**Data for review**
# # # #

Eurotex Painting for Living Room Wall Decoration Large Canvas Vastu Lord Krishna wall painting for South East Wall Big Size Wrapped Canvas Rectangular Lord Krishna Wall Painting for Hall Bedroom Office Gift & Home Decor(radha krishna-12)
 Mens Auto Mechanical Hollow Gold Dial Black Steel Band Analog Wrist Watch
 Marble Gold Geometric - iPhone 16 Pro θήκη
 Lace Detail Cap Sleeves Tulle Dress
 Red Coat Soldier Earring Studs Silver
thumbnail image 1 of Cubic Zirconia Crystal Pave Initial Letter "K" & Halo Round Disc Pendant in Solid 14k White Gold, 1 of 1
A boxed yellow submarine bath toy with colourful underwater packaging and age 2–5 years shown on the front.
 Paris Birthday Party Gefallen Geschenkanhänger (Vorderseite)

# # # #

**Directions for this task**
Write the lines out again exactly, from the one containing "thumbnail image 1" through the last line of the records, and include no other lines.

**Problem solution**
thumbnail image 1 of Cubic Zirconia Crystal Pave Initial Letter "K" & Halo Round Disc Pendant in Solid 14k White Gold, 1 of 1
A boxed yellow submarine bath toy with colourful underwater packaging and age 2–5 years shown on the front.
 Paris Birthday Party Gefallen Geschenkanhänger (Vorderseite)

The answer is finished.